The G-20 summit neared an agreement that appears to have settled the currency issues which until the summit remained at the center of bilateral relations between major economies in the world. But it is still unlikely to end the tension over currency and trade policies.
Most likely the agreement will confirm what was widely discussed earlier, and that is to let markets determine foreign exchange rates, without pushing China to raise specific commitments for the Yuan to rise. Officials remained undecided about how to discuss currency interventions.
According to The Wall Street Journal, a draft communiqué prepared Wednesday stated that nations would increasingly let markets determine currency rates; but officials remained undecided on how to discuss currency interventions.
G20 spokesman Kim Yoon-kyung said at a press conference in Seoul that “we’re still having a hard time reconciling the contrasting views of different countries, especially over the issues of currency and trade imbalances.”
“Each country was sticking to its original position,” he told reporters, adding that “voices were raised, they wouldn’t compromise, they actually had to keep the door open because the debates became so heated and they were lacking oxygen.”

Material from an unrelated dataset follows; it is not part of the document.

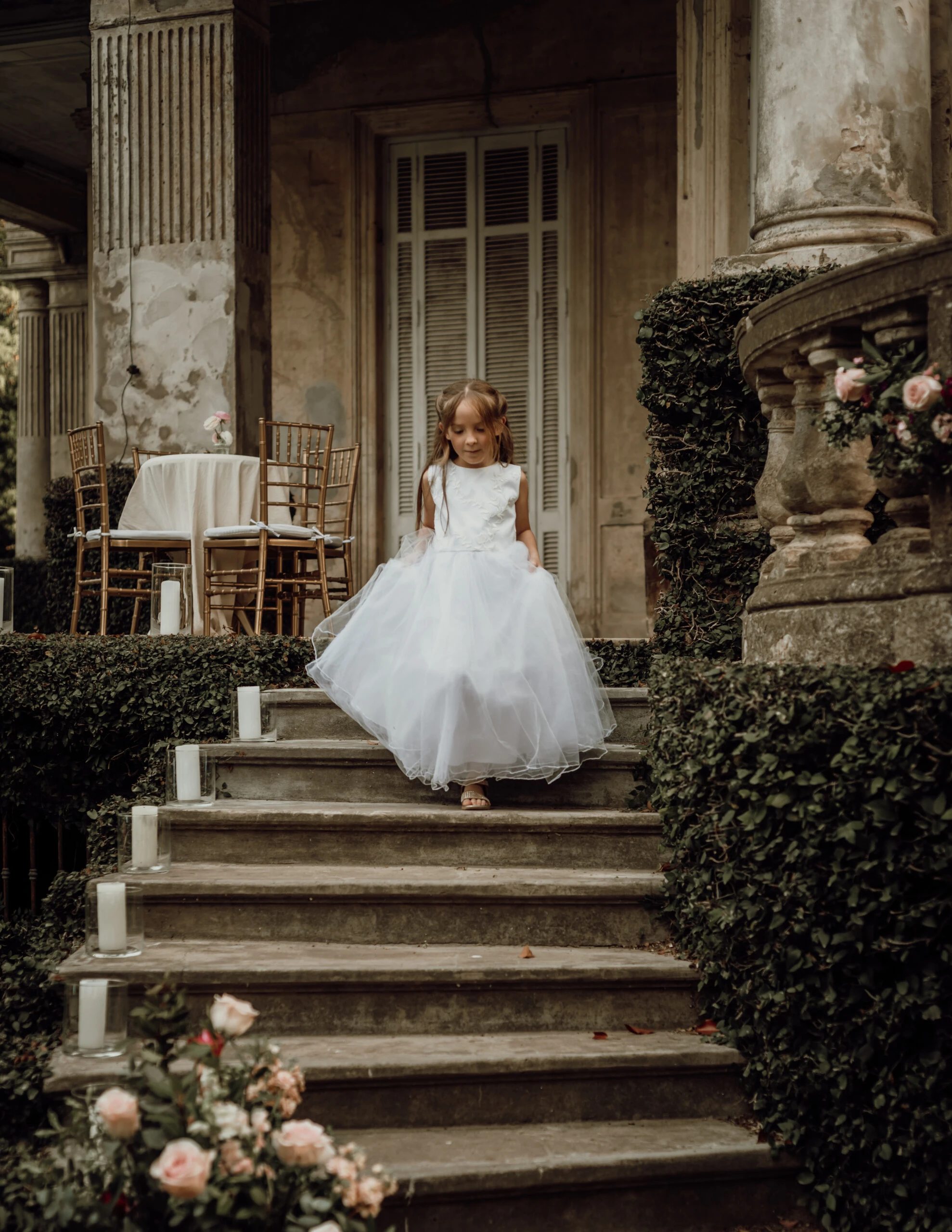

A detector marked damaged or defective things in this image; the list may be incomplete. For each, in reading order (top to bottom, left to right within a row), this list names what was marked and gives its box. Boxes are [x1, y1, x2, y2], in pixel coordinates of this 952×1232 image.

When it comes to the economy, each nation is trying to pull the blanket to its own side, which is explainable in times of economic recession such as now. However the problem is, with each country trying to improve their own economic situations, and resolve the specific problems that are in their country, the world economy is global, which means that all the countries are interdependent. This is especially relevant when talking about major economies such as China and the United States.
China Daily cited Kim as saying the main issues revolved around arriving at a consensus on the currency and current account balances. The results should show up in the financial statement of the G-20 summit leaders, which will be released on Friday. Some of the other important issues are the financial regulatory reform and the reform of the International Monetary Fund.
Another thing that raised many discussions and heated debates were national economic policies. One of the most important questions that was discussed was the fact that the United States Federal Reserve plans to print another $600 billion long-term government bonds to rescue its economy, known as quantitative easing (QE). This caused a lot of criticism in the world.
Ma Delun, who is deputy governor of the People’s Bank of China, expressed his concern about the Federal Reserve’s spending spree, saying that it may undermine efforts to balance out global growth. He told Reuters that this “may add risks to the global economic imbalance, put pressure on emerging markets to adjust their international balance of payments and could also stir the formation of asset bubbles, all of which require our vigilance.”
On the other hand, President Obama defended the United States policy by arguing that growth in the country was the most important contribution that the U.S. can make to the global recovery and that its “fundamental strength” will ultimately determine the dollar’s value, reported Bloomberg.
Some of the other G20 members argue that the United States should have negotiated the question with other nations before making the QE policy decision, since this is a move that could have an effect on the entire economy.
Despite the many difficult questions that had come up during the summit, the President of the World Bank, Robert Zoellick, said that he does not believe that there is going to be a currency war.
“That is an overstated point”, he said.